With each passing month of the war, our country is sinking deeper into debt dependence on international financial organizations.

According to the Government’s forecasts, the maximum amount of public debt in 2023 will reach a record UAH 6.406 trillion and even slightly exceed the country’s GDP – 100.1% of GDP.

To ensure that the level of public debt does not impede Ukraine’s recovery, development, and living standards, an effective debt management strategy needs to be developed. To this end, we have studied how public debt is managed in foreign countries and identified the experience that can be adapted to Ukraine. 

Today, we will look at the debt management model in Germany, where Covid-19 has tested the country’s economy. 

How is Germany overcoming the economic crisis caused by the pandemic?

In Germany, the Financial Agency is responsible for managing public debt, loans, and cash. 

The institution manages the debt portfolio by issuing government securities and conducting money market operations. The main goal of German debt management is to keep interest costs as low as possible.

One of its responsibilities is to develop new financing instruments to create efficient ways to borrow money. Recent innovations in the capital market have included the issuance of US dollar-denominated federal government bonds and green securities. 

Current state of German public debt

Today, Germany is a leading economic power in Europe with a developed industry and all types of transportation. 

For a long time before the pandemic, Germany saw a continuous decline in the debt-to-GDP ratio, with the ratio standing at 59.7% at the end of 2019. 

This gave citizens hope for living in a financially stable country. That was until the coronavirus pandemic hit the world like a tsunami. 

In the second year of the coronavirus pandemic, Germany’s public debt increased by EUR 162 billion to EUR 2.476 trillion. The debt-to-GDP ratio rose to 69.3% and significantly exceeded the Maastricht Treaty benchmark of 60%.

The lion’s share of the increase in debt was due to the state budget deficit of €132 billion. As a result, the debt-to-GDP ratio was expected to rise to 74% in 2021 and continue to decline until 2025. 

To strengthen the German economy after the pandemic, the government launched the Economic Stabilization Fund.
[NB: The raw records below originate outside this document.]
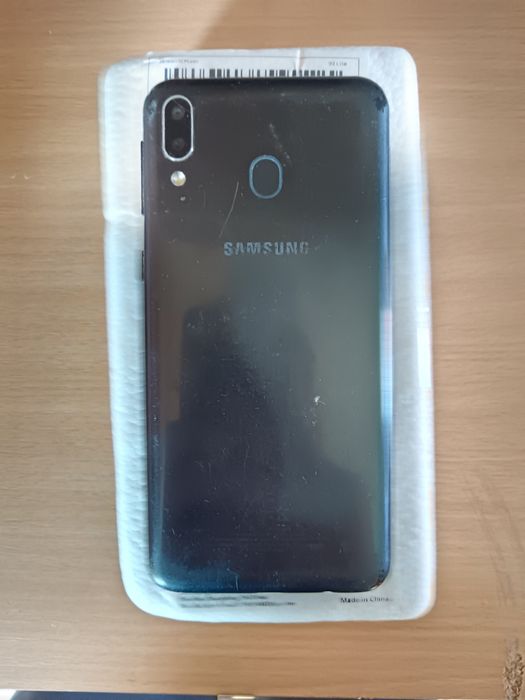 Samsung Galaxy M20 (Vânzare pentru piese)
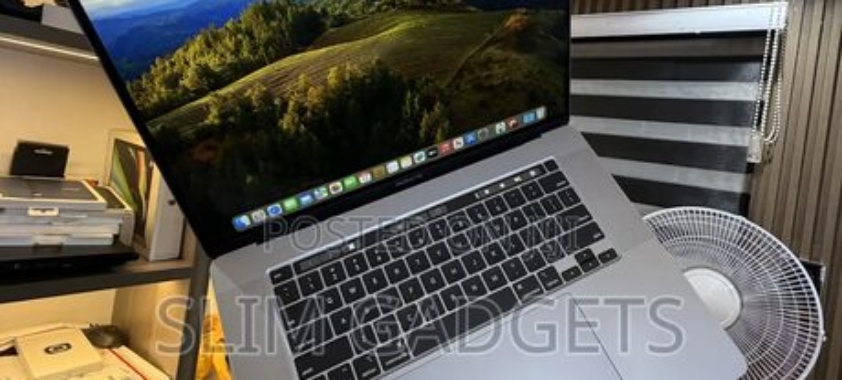 Laptop Apple MacBook Pro 2019 16GB Intel Core i9 SSD 1T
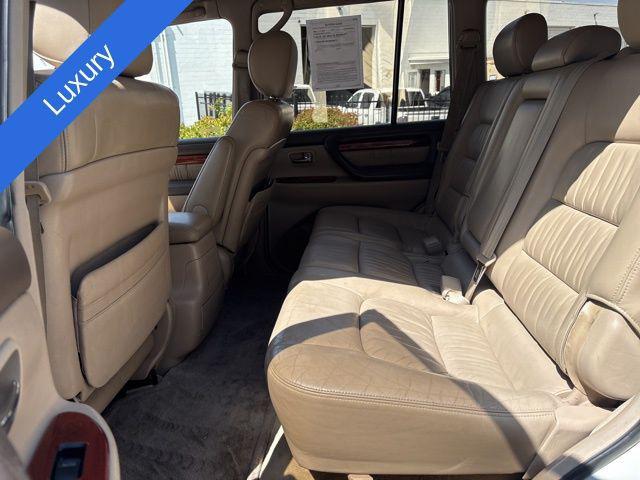 used 2000 Lexus LX 470 car, priced at $10,995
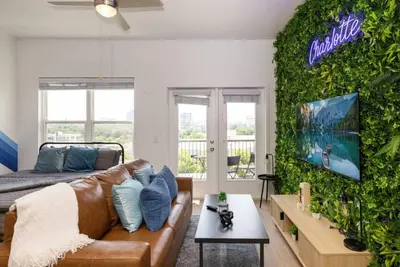 Image de Midtown Gem with Pool, Gym & Parking - Sleeps 4!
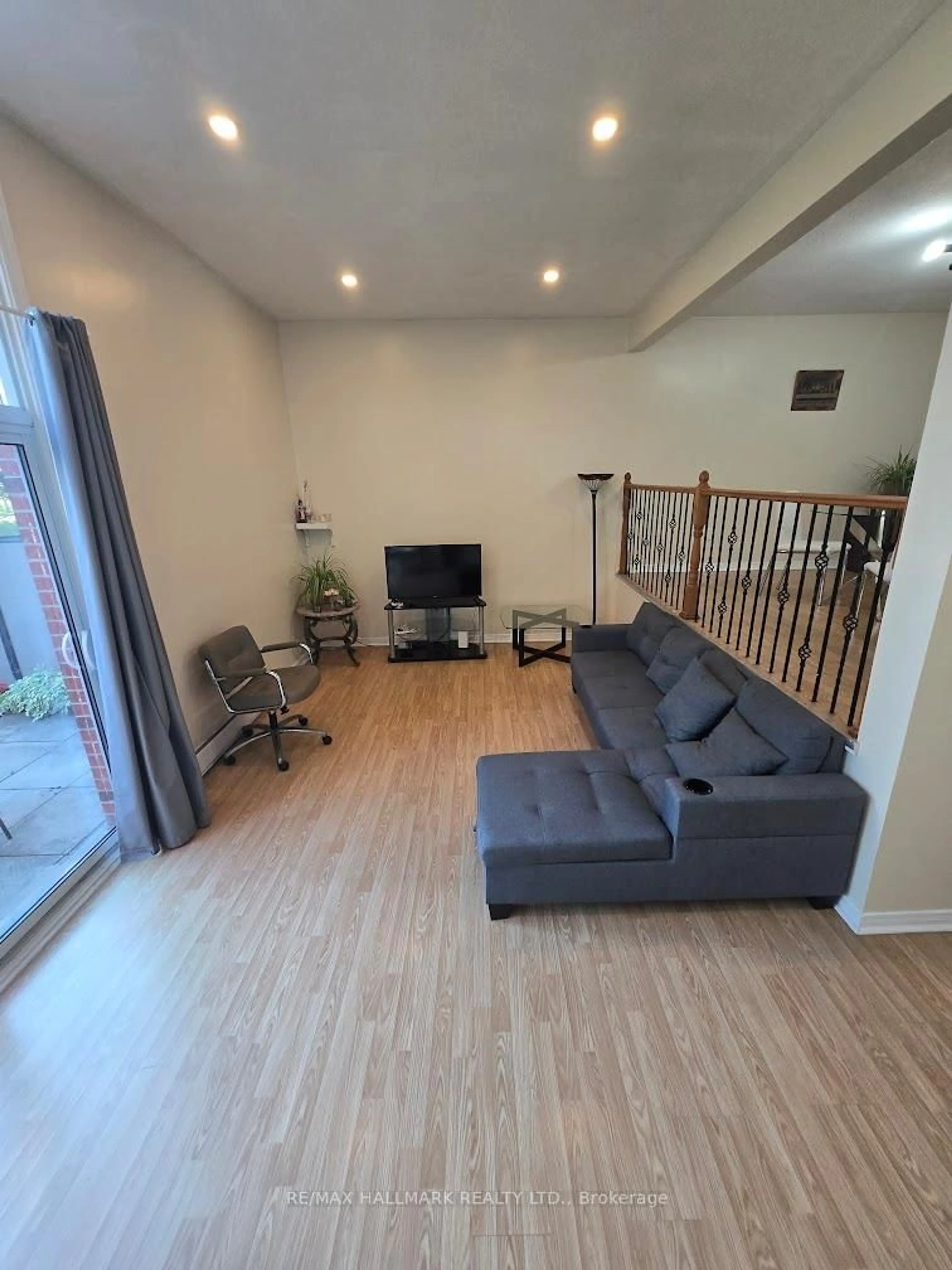 Living room with furniture, wood/laminate floor for 39 John Cabot Way, Toronto Ontario M3N 2T5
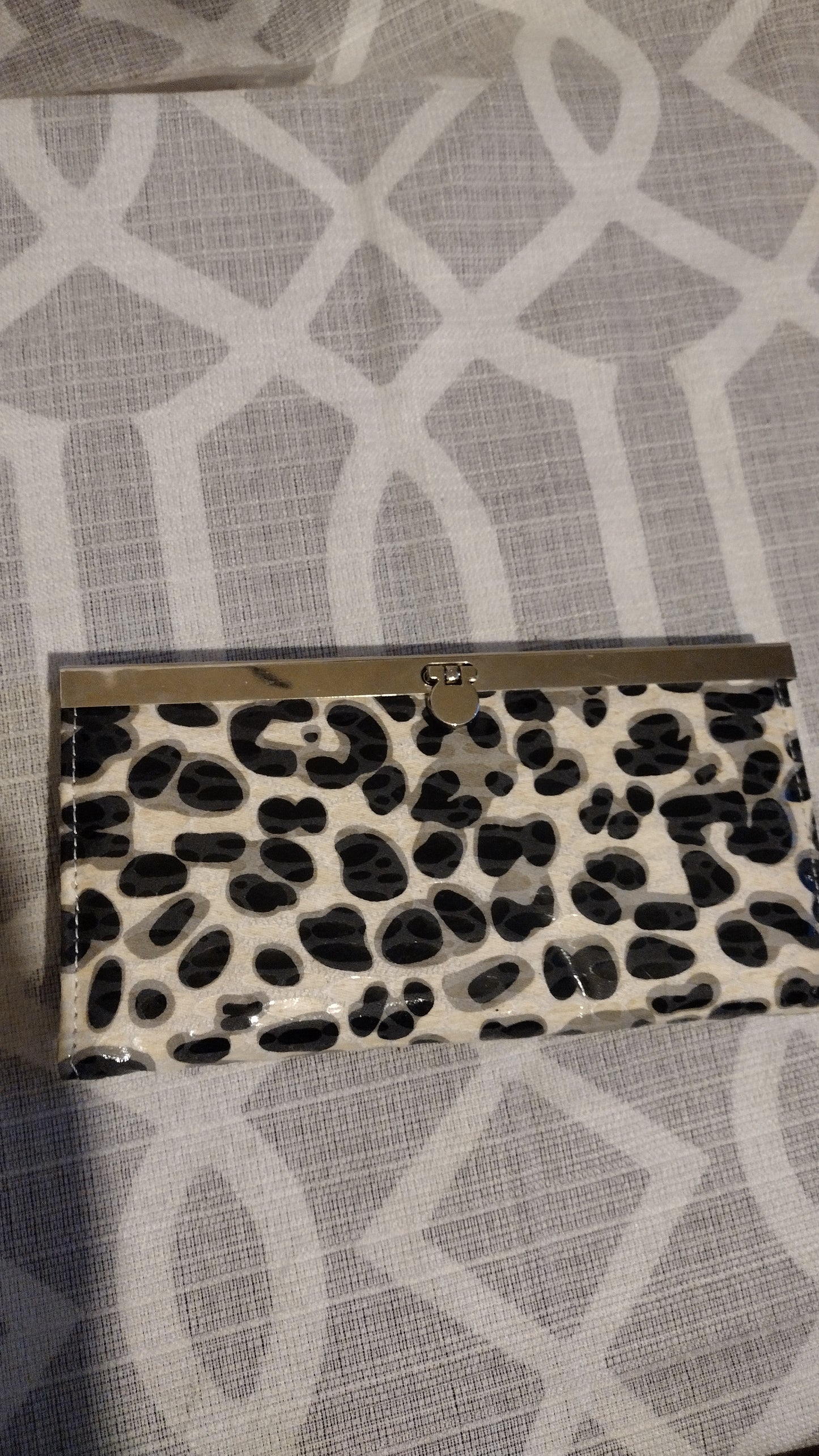 Women's beige/black leopard wallet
This institution is also managed by the Financial Agency.

At the same time, the German federal government issued green federal securities for the first time, which began to gain supporters in Europe. They are always issued with the same characteristics as conventional federal securities. However, the volume of their issuance will be much smaller. 
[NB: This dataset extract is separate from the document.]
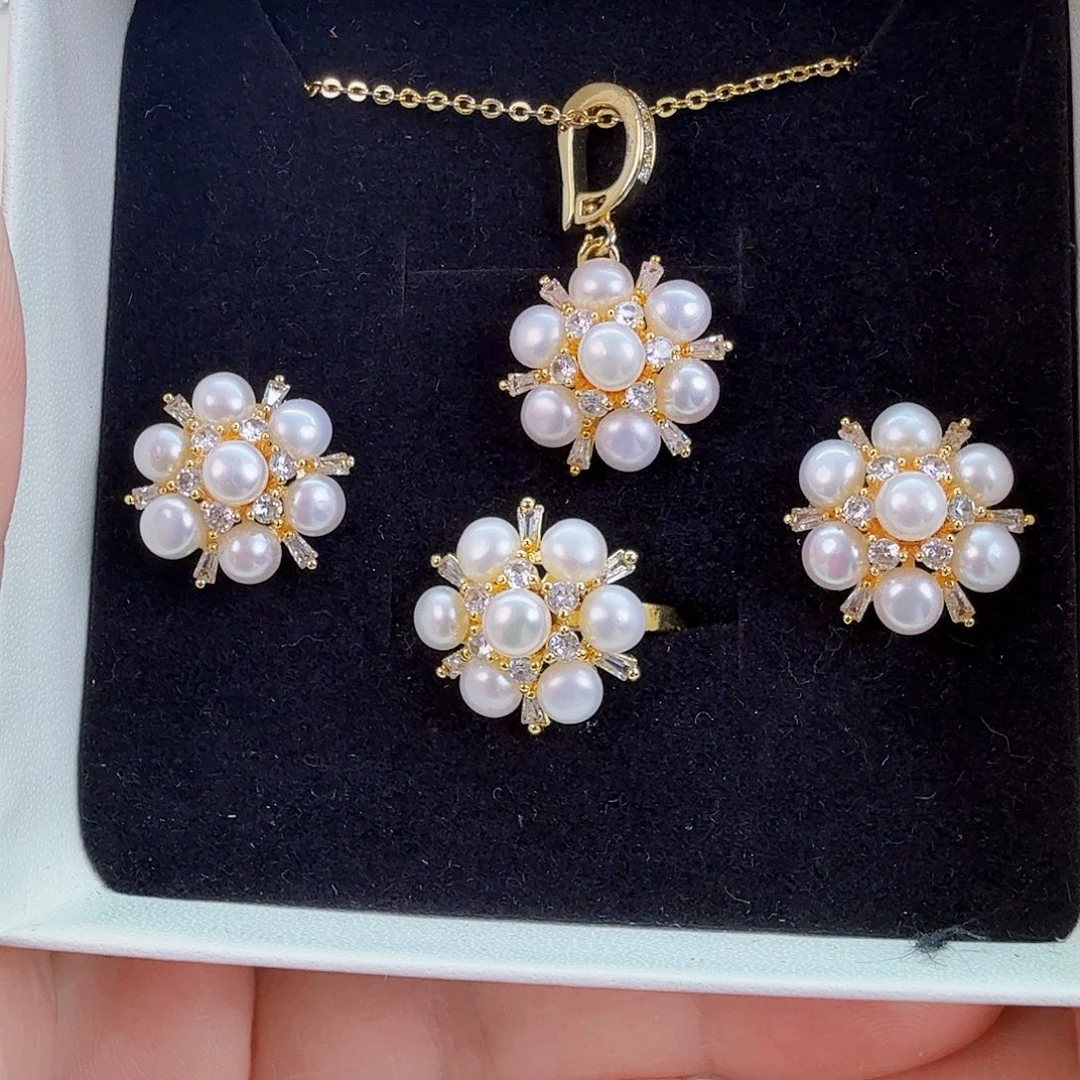 淡水珍珠耳饰未镶嵌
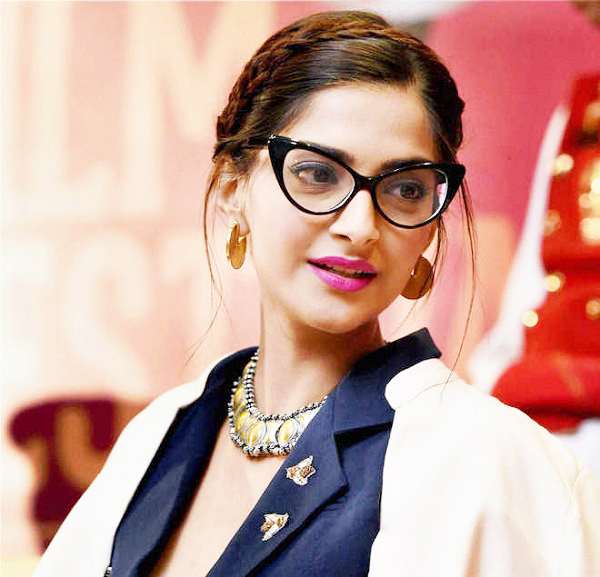Sonam-Kapoor-bitchy-actress-remarks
One of the measures taken by the world to respond to the acute liquidity problems during the COVID-19 crisis was the German government’s joining the G20 countries in adopting the Debt Suspension Initiative (DSSI). It provided for the freezing of debt payments for 20 months for 77 of the poorest countries. By postponing interest and principal payments, the DSSI provided debtor countries with greater financial flexibility for a limited period to allow them to invest, for example, in health care. 
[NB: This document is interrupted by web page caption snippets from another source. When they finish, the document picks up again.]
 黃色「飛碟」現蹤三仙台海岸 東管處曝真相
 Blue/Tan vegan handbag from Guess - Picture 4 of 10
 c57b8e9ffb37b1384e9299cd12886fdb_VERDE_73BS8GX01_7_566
In addition, the G20 adopted the Common Debt Framework beyond the DSSI to be able to respond appropriately to the solvency problems faced by developing countries.


Germany has an agency model of public debt management (a separate entity/agency chooses the most optimal methods of public debt management). 

The state of the country’s economy was significantly affected by the Covid-19 pandemic, when Germany’s public debt reached a record level. 

A key role in overcoming the crisis was played by the fact that for a long time before the pandemic, Germany had seen a continuous decline in debt relative to GDP. This helped Germany to respond decisively to the challenges of the pandemic without jeopardizing the stability of the overall government. 

What measures has Germany taken to stabilize the economy? 

  • creation of the Economic Stabilization Fund;
  • issuing green bonds;
  • joining the G20 countries in adopting the Debt Suspension Suspension Initiative (DSSI) to help the poorest countries, including Germany’s debtors, overcome the consequences of the pandemic; 

Thus, thanks to its institutional model of public debt management, relatively low debt-to-GDP ratio for a long time before the pandemic, and the issuance of green bonds, Germany managed to respond decisively to the challenges of the pandemic.